> **What the exercise asks**
In the entries below, which lines run from the one containing "at the night." to the one containing "A wooden boardwalk"? Copy exactly those lines, ends included, and no others.

Start of Provided information

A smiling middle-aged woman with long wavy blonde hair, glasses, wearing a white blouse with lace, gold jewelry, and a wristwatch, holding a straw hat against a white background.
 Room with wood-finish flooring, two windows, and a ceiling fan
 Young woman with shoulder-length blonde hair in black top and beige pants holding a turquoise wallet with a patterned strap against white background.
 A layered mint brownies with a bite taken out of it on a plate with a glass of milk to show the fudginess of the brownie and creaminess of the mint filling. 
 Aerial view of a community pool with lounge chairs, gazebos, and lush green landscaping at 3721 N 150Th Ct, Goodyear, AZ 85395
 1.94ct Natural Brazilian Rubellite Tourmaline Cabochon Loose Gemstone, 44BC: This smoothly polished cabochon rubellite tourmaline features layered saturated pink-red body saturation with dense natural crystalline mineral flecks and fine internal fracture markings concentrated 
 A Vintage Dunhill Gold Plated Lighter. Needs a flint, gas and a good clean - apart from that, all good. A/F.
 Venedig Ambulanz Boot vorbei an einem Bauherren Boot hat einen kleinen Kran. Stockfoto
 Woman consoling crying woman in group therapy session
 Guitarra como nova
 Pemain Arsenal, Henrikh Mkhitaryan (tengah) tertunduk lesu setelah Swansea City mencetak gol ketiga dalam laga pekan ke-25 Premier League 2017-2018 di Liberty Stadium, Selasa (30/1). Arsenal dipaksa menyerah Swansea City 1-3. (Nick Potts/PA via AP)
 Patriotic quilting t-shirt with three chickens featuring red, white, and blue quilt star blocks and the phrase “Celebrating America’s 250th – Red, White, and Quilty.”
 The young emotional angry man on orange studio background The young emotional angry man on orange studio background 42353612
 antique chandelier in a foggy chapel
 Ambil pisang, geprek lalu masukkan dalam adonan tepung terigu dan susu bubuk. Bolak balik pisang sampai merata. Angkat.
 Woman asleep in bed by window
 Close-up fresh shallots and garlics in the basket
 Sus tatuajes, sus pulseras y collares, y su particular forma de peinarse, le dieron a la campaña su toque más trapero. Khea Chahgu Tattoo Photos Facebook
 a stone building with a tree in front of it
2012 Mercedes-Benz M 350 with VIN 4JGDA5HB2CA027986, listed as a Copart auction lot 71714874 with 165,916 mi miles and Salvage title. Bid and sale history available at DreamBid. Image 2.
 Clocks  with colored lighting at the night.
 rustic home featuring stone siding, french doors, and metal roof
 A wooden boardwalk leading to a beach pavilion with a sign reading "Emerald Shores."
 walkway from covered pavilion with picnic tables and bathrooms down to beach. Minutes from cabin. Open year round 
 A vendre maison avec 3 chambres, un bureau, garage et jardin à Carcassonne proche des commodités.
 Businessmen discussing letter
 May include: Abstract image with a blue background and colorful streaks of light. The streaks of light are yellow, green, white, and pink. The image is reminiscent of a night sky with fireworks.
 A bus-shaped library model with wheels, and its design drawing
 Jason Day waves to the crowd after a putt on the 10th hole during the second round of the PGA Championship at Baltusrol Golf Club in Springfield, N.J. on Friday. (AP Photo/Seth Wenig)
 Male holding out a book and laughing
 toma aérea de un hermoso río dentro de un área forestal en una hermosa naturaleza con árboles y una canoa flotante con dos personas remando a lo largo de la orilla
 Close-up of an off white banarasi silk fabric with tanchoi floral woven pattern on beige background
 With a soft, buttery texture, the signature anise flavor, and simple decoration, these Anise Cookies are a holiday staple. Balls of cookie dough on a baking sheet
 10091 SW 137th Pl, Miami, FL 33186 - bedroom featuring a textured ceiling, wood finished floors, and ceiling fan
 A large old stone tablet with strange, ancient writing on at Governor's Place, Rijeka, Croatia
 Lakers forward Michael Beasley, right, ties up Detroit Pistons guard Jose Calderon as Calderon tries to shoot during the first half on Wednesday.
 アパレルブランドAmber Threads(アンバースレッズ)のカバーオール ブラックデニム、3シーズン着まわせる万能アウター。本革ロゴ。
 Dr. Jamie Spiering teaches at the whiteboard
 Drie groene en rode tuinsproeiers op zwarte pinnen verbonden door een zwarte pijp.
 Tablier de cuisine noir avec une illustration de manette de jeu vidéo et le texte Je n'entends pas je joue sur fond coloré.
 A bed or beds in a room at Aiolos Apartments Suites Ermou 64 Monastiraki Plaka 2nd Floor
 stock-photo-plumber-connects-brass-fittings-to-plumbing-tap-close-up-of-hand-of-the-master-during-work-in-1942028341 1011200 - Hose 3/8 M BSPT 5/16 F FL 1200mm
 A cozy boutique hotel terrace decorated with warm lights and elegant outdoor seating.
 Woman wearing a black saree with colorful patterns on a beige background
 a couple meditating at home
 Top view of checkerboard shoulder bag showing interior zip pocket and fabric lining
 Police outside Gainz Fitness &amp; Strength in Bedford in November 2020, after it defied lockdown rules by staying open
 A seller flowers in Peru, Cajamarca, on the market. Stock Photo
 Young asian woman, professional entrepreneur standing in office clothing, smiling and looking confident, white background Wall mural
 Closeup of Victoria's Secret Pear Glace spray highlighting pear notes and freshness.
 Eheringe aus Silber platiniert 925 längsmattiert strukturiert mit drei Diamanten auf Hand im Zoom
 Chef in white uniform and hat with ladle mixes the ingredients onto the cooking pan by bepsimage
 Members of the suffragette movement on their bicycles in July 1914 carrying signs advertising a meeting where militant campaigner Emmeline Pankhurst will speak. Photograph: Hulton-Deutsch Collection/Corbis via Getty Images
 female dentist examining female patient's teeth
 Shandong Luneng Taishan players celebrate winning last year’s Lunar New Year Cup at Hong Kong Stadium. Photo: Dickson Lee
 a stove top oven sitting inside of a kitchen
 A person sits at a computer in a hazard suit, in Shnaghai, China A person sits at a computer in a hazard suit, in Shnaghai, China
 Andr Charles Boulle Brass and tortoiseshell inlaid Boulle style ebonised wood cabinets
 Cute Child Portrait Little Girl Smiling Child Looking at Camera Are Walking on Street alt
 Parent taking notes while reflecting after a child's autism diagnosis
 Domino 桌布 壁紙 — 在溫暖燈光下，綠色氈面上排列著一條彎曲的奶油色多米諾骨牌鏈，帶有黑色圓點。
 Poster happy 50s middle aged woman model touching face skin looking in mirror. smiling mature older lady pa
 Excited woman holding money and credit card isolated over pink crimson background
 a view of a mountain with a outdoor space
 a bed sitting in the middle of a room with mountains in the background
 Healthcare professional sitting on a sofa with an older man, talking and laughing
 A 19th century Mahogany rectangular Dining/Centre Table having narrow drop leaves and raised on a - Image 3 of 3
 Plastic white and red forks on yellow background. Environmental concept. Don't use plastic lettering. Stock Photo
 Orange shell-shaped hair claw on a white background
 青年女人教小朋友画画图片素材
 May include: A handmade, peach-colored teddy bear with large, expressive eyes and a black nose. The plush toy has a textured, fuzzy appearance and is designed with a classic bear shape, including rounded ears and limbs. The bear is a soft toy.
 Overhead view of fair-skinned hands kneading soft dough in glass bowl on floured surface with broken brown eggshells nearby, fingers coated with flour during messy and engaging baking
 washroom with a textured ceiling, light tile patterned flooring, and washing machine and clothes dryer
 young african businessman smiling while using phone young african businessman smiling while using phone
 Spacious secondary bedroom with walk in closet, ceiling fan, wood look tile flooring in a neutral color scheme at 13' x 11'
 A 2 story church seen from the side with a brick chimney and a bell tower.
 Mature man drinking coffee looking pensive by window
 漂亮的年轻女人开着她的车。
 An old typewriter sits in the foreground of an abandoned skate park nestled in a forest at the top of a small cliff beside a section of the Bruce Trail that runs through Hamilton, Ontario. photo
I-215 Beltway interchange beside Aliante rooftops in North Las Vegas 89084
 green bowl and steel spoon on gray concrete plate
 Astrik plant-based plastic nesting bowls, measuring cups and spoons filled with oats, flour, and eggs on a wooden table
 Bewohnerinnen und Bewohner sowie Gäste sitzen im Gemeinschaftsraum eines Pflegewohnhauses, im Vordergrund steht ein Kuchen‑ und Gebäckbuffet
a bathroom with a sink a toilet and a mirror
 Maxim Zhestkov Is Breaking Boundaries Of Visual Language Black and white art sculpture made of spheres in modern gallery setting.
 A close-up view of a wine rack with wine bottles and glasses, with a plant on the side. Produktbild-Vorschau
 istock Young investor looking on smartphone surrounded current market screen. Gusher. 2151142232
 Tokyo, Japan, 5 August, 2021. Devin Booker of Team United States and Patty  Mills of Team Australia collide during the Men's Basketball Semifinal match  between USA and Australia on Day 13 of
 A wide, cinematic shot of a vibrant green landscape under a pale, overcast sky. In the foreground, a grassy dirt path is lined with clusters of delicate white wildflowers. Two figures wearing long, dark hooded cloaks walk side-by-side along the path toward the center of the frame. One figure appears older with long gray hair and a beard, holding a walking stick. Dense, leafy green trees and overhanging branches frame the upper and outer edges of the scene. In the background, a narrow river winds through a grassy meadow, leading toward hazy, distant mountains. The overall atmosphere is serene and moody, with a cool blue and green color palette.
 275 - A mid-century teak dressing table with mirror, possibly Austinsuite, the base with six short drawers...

End of Provided information

> **Output for this exercise**
 Clocks  with colored lighting at the night.
 rustic home featuring stone siding, french doors, and metal roof
 A wooden boardwalk leading to a beach pavilion with a sign reading "Emerald Shores."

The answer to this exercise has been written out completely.